Modularity, build a new system by:
Selecting a set of desired features (Django Apps), or creating new ones,
Uploading a data model (XML Schema),
Customizing settings and theme,
Persistent ids, SAML2 authentication.
Available Plugins
Here is list of the top 5 monst used plugins:
core_main_app: Core APIs
core_curate_app: Dynamic UI generation from template for data entry.
core_explore_by_keyword_app: Search UI with full text search capabilities
core_exporters_app: Export search results to different formats
core_linked_records_app: Assign a globally unique PID to records and link records together
Data Repository
Users have data in different formats, in multiple places, using different vocabularies. The goal of the CDCS is to provide an effective research data lifecycle that supports FAIR Data principles (Findable, Accessible, Interoperable, Reusable).

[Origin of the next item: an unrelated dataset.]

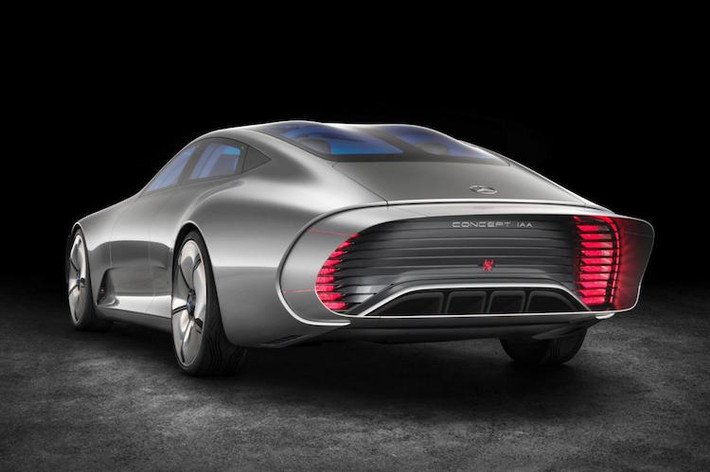 Để đạt được điều này, Concept IAA đã được thiết kế với thân xe quyến rũ, "trơn nhẵn" cùng với các chi tiết khí động học chủ động ở cả phía trước lẫn sau xe.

Data repositories let you create or reuse a data model for your domain and start collaborating on the curation of datasets (with rich and structured metadata). Whether you are curating data daily or want to share finalized datasets with the community (with persistent identifiers for findability and referencing), data repositories let you build and customize a system that meets your needs. Authorized users can explore the curated data using full text search or custom search forms generated from the custom data model. All the features are available via a web UI but can also be used in scripts to automate curation and data retrieval thanks to its REST API.
Data Registry
Data registries are specialized data repositories focusing on the discovery of resources. Registries come with a predefined data model that let users provide extensive metadata about resources managed by their organization. These systems are able to share data with each other by accessing to a network of trusted registries and providing and harvesting data from this network.
What is a Resource?
It's a metadata document about a physical or virtual entity like an organization, a dataset, a website, a software. Some of the information a resource may capture include fields such as a title, a list of authors, a descritpion, contact information, a publication date, and any other useful information.
Why was it built?
Users have resources that need to be discovered by the community. The registry is a specialized CDCS instance that focuses on Findability of these resources.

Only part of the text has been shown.